__Your assignment__: Leaving the pictures aside, write out the whole listing below exactly.

__Data below__:
※
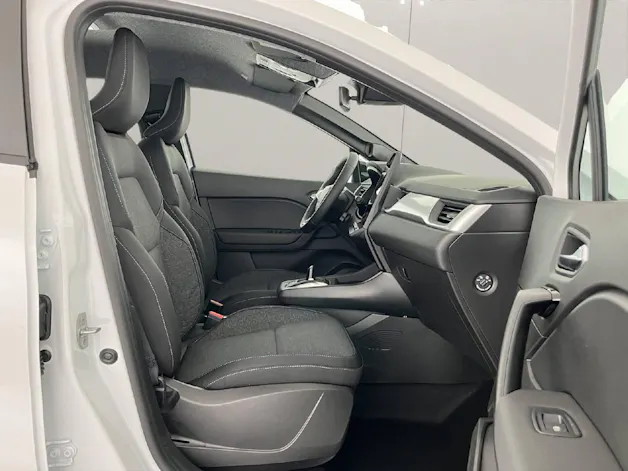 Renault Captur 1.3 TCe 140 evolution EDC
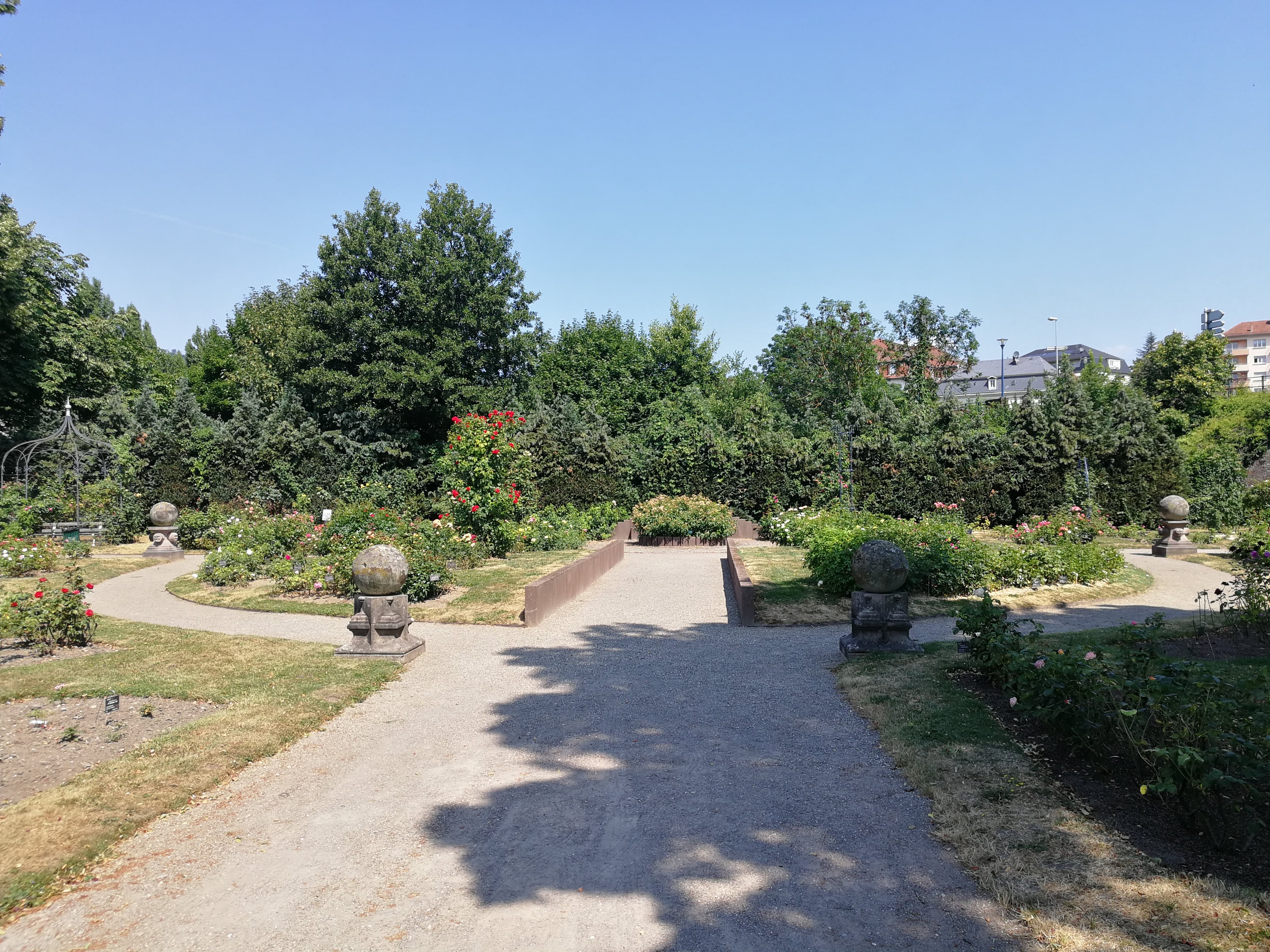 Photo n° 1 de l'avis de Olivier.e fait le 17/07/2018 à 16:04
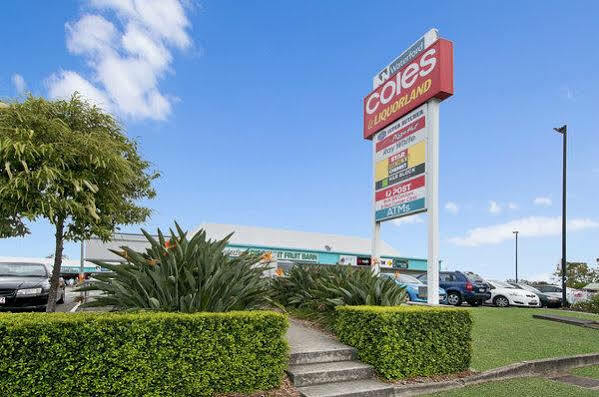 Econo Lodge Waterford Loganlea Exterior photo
※
__Finished task__:
 Renault Captur 1.3 TCe 140 evolution EDC
 Photo n° 1 de l'avis de Olivier.e fait le 17/07/2018 à 16:04
 Econo Lodge Waterford Loganlea Exterior photo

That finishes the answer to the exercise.